# TT Mk2 - Rear Light Error



## westhamlew (Jun 29, 2017)

Morning all,

I know this topic has been discussed at length before on these forums so I apologize in advance.

I purchased a Mk2 TT a few week's ago from a private seller, and they told me a rear bulb was out and needed replacing, which I wasn't worried about so completed the purchase.

Went to change the bulb last week and noticed all were fine. Did some research and stumbled upon this very helpful forum, and concluded that I had the common error of the connector corroding away.

I'm not confident enough to try the grounding method detailed on here, so, as someone had mentioned in another forum post, i tried to clean up the connector using contact cleaning and anti-corrosive spray, and scraping away a load of the corrosion.

Having done this, my whole rear light unit no-longer works! (where previously it was just the indicator i believe).

Does anyone have any idea why this might have happened? or any suggestions on how to fix?

Any help would be appreciated.


----------



## tttony (Dec 21, 2014)

If none of the bulbs in the unit light up it means that the earth connection is totally open circuit. When you tried to clean it, did you notice any burning/melting of the plastic around the earth pin?

When faced with the problem some people just replace the whole bulb holder unit (which is available separately from the lens) and the plug on the end of the loom That will work for a while but the problem is likely to return as the basic problem is that the earth pin is too small.
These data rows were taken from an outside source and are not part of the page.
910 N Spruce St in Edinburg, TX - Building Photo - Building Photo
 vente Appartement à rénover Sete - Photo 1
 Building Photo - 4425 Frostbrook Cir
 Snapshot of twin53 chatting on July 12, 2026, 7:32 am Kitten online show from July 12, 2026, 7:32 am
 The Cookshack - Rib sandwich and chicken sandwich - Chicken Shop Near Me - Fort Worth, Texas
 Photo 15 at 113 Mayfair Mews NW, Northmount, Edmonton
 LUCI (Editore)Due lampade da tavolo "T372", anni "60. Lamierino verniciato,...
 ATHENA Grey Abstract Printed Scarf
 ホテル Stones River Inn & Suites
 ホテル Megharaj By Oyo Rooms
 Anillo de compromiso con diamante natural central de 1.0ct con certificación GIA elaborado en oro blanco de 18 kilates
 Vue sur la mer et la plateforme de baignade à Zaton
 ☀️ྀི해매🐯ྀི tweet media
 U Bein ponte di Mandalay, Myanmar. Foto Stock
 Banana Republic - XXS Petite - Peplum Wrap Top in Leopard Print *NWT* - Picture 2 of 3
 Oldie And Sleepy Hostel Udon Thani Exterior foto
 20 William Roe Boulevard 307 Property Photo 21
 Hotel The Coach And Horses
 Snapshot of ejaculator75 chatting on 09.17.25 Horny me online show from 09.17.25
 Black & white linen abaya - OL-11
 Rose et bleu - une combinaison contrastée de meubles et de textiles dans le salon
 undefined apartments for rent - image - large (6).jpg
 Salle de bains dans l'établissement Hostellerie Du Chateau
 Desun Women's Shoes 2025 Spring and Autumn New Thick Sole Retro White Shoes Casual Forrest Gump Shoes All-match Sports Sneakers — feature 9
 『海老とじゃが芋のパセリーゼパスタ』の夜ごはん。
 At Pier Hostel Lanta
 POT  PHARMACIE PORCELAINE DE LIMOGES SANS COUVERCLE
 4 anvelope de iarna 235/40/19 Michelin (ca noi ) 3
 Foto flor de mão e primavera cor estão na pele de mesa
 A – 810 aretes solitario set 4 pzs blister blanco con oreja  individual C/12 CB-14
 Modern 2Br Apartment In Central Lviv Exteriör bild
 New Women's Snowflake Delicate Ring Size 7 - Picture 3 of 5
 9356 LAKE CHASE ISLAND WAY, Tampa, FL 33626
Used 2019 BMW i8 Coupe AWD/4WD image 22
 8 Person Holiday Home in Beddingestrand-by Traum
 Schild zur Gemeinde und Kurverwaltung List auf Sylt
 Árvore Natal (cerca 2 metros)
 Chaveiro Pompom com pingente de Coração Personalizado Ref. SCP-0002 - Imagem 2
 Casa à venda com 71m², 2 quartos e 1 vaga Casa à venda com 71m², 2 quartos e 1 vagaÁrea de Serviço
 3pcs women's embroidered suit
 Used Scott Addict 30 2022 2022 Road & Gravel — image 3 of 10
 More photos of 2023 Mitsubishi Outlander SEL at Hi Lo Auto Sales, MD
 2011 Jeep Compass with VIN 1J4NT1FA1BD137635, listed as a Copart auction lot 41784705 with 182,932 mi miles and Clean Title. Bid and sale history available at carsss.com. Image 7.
The earth mod is not difficult and is a permanent solution. Could you find someone to do it for you or help you to do it?


----------



## brittan (May 18, 2007)

A couple of obvious things first: check the fuses, driver's side on the end of the dashboard.

Also note that if you have switched on the ignition, turned on the lights etc with the rear light unit disconnected, the system will detect a "failed bulb(s)" and shut down the supply to that bulb. The supply is reinstated at the next ignition ON but the cycle repeats if the bulb is still failed. Hope that makes sense.


----------



## tttony (Dec 21, 2014)

Very unlikely to be a blown fuse unless the sockets on the end of the loom were scraped with a metal object whilst the lights were switched on and the earth and an adjacent socket were shorted together. It would be very difficult to do that.


----------



## westhamlew (Jun 29, 2017)

Just had another look at it, turns out the contacts in the connector on the end of the wiring loom had bent away enough that there was no connection with the 'male' part on the back of the bulb holder unit. Bent them back to the middle and seems to be working consistently now...(fingers crossed)

Reverse light on the same side still not working however...hopefully just a bulb...

Thanks for the assistance!


----------